What you have to do: Report the number of lines in the data below where the string "City" shows up, and only that number.

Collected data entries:
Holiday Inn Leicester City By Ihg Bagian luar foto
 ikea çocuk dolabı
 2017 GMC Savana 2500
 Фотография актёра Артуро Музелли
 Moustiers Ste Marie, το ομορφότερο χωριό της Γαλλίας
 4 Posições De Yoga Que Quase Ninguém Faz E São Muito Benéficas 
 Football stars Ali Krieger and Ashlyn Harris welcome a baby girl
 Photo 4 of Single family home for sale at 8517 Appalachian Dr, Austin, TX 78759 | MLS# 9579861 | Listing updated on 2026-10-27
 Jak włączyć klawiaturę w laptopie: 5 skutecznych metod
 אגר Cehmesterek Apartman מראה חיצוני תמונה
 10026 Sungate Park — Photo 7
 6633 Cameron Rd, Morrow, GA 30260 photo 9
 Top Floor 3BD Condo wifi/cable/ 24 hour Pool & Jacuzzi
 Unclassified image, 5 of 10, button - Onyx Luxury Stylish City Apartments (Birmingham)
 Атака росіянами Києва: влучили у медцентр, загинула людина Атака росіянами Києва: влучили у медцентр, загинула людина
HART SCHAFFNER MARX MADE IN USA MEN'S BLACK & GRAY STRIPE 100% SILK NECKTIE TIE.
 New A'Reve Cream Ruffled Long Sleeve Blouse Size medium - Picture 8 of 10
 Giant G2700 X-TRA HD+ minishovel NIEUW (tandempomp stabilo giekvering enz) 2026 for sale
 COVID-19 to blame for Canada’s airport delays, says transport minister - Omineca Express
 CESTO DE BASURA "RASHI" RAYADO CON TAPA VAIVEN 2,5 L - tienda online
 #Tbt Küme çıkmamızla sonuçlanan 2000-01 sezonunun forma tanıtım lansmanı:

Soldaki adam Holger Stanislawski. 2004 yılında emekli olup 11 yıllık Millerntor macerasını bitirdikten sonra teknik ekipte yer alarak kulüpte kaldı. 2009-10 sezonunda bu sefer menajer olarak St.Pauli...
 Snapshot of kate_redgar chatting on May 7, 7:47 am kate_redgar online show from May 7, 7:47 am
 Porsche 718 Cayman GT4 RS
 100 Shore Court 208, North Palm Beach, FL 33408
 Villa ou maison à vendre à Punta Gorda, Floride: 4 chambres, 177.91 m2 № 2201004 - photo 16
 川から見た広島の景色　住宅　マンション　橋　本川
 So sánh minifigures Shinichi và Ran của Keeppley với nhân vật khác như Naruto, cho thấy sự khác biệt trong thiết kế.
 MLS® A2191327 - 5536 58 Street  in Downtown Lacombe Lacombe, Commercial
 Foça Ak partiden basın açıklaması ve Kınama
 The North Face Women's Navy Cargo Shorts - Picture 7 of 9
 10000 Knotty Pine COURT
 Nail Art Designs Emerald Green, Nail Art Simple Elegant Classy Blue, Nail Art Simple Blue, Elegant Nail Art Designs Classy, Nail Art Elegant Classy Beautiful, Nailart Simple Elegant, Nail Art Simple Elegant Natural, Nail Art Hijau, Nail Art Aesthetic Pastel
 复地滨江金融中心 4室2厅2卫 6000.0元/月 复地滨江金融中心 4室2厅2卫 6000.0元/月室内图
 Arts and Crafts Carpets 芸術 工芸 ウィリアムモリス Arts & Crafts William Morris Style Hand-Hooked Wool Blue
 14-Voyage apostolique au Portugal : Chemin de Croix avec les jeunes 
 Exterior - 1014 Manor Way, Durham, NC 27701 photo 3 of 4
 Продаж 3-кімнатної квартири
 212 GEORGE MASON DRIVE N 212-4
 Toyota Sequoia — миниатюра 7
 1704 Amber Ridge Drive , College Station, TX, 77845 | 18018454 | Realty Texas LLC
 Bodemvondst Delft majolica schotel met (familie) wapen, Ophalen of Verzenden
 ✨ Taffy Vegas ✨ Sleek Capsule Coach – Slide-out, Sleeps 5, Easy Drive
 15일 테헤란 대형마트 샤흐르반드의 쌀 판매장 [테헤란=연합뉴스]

Final answer: 2